Researchers created Wood Orchestra for the new exhibition in Heureka

The researchers in Uniarts Helsinki and Aalto University co-produced wood panels working as loudspeakers for the Science Centre Heureka’s exhibition.

Four wooden panels together create the Wood Orchestra for Heureka exhibition.
Photo: Otso Lähdeoja / Uniarts Helsinki

The Finnish Science Centre Heureka features a new exhibition entitled Wild Wild Wood, which demonstrates the versatility of wood material. One of the exhibition’s attractions is the Wood Orchestra co-produced by Uniarts Helsinki’s Sibelius Academy together with the Aalto Acoustics Lab and Heureka.

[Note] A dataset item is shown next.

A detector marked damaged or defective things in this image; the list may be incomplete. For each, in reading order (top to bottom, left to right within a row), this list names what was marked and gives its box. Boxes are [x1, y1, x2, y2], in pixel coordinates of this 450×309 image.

Academy of Finland fellow Otso Lähdeoja from Sibelius Academy, Uniarts Helsinki, composed four quartet pieces for the Wood Orchestra. Each wood panel replicates the sound of one instrument, and the panels join voices to form a wooden quartet. Visitors can experiment with the acoustic properties of wood by listening the panels individually or by mixing between each panel’s sound.

Clear apple tree, soft goat willow

Lähdeoja composed the music in Koli artist residence in December. Different wood panels got their ‘voices’ in the silence of a snowy spruce forest.

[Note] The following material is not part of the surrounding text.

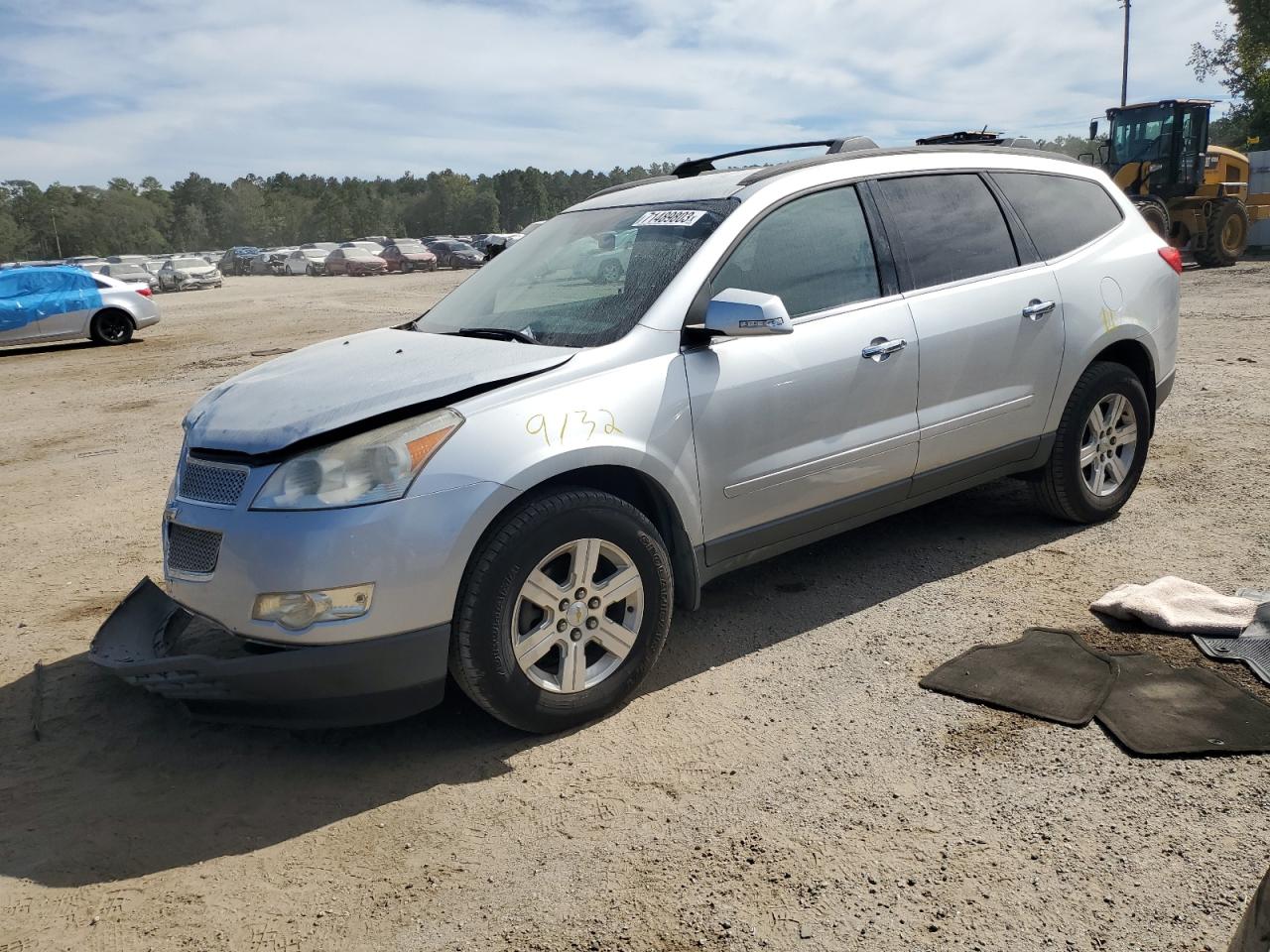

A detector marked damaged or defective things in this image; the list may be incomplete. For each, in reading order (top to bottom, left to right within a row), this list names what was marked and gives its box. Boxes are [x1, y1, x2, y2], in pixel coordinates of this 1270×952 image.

detached bumper cover [90, 578, 446, 726]
damaged front bumper [89, 573, 449, 731]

”It was fun to imagine the wood panels as musicians and wonder what kind of music they would play. I went after a soft, acoustic sound but as many visitors in Heureka are children, I wanted to have some rhythm to it as well,” says Lähdeoja.

The Wood Orchestra is made up of a cello (spruce), a violin (goat willow), a clarinet (maple) and a flute (apple tree).

“Spruce has the best or most balanced acoustic properties inherently. The apple tree has a particularly clear sound quality, and the sound of goat willow is very soft,” Lähdeoja describes.

Wood panels as loudspeakers in a multidisciplinary project

Four wood panels were transformed into loudspeakers in this multidisciplinary project by Uniarts Helsinki and Aalto University. Panels sliced from tree trunks were worked and polished by luthier Juhana Nyrhinen who teaches instrument-making at Sibelius Academy.

Then the panels were equipped with audio-rate actuators, which are structure-borne sound drivers. The drivers transfer sound vibration into the panels, making them radiate sound much like regular loudspeakers.

Otso Lähdeoja has conducted prior research into the musical applications of structure-borne sound, for instance in concert hall settings.

Acoustic properties of the wood panels were measured and analyzed at the Aalto University’s big anechoic chamber. An equalizer for each panel was customized by audio signal processing researchers M.Sc. Juho Liski and Dr. Jussi Rämö together with Professor Vesa Välimäki. The equalization enhances the panels’s sound quality to meet the requirements of music reproduction.

Heureka’s design team created the technical setup, scenography, and the user interface of the Wood Orchestra.

The Wild Wild Wood exhibition will be open until 31 August 2021.